[performance] comma
davebulaval opened this issue · comments
David Beauchemin commented
Addresses with comma seem to lower performance.
from deepparse.parser import AddressParser
dp = AddressParser(model="bpemb", device=0)
dp("2020 boul. René-Lévesques, Montréal, QC, Canada", with_prob=True).address_parsed_components
#> [('2020', ('PostalCode', 0.8566)),
#> ('boul.', ('Province', 0.7204)),
#> ('René-Lévesques,', ('StreetName', 0.7636)),
#> ('Montréal,', ('StreetName', 0.9614)),
#> ('QC,', ('StreetName', 0.7382)),
#> ('Canada', ('Province', 0.5126))]
parsed_address = address_parser("2020 boul.
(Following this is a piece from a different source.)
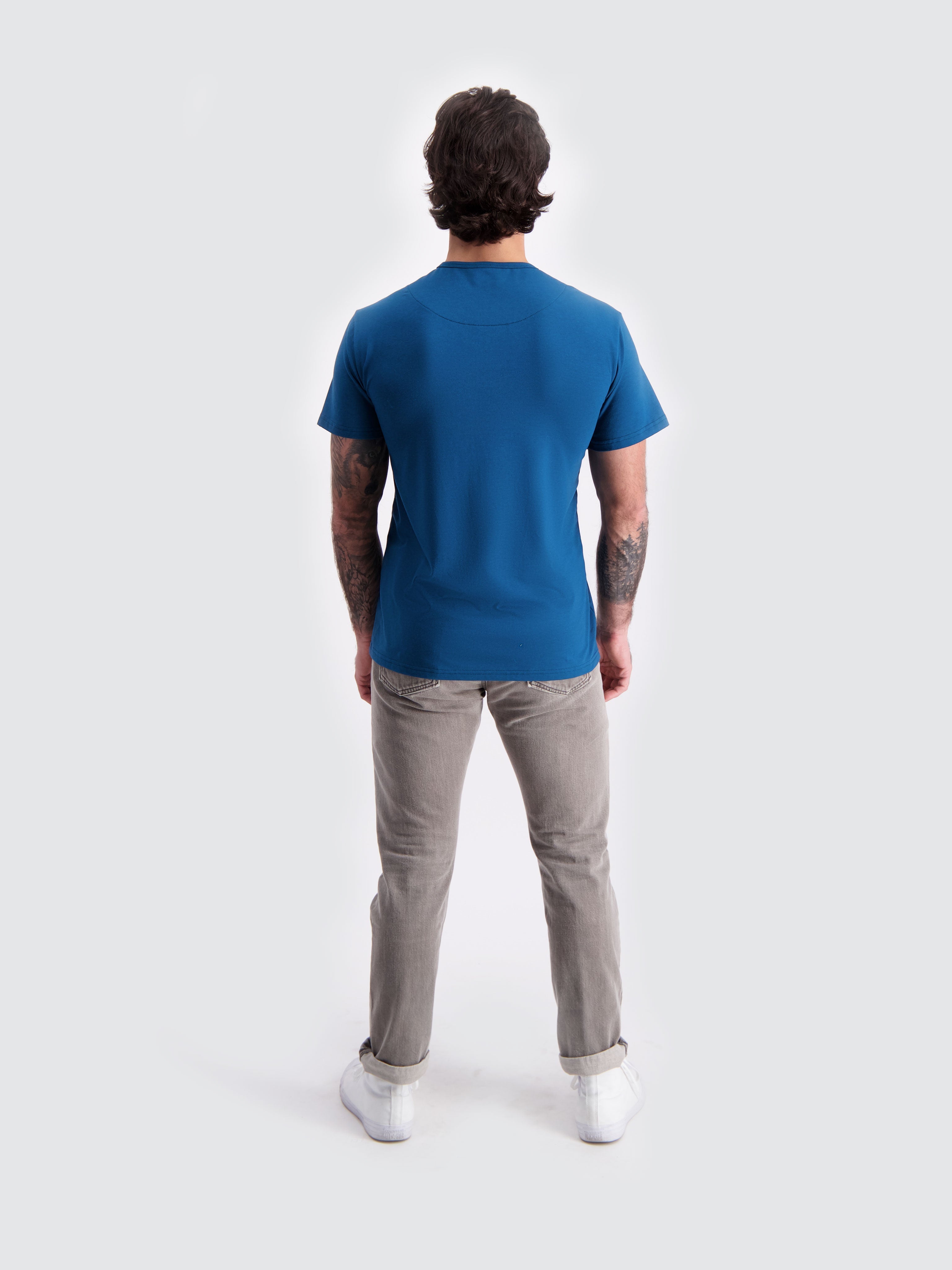 Two Blind Brothers - Mens Men's SS Henley Solid Teal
René-Lévesques Montréal QC", with_prob=True)
>>> print(parsed_address.address_parsed_components)
[('2020', ('PostalCode', 0.9467)), ('boul.', ('StreetName', 0.9895)), ('René-Lévesques', ('StreetName', 0.9602)), ('Montréal', ('Municipality', 0.9965)), ('QC', ('Province', 0.9999))]
David Beauchemin commented
From our training dataset, less than 0,006
% of our address contains at least a comma.
David Beauchemin commented
Fixed using the removal of ,
. Will improve robustness in further models.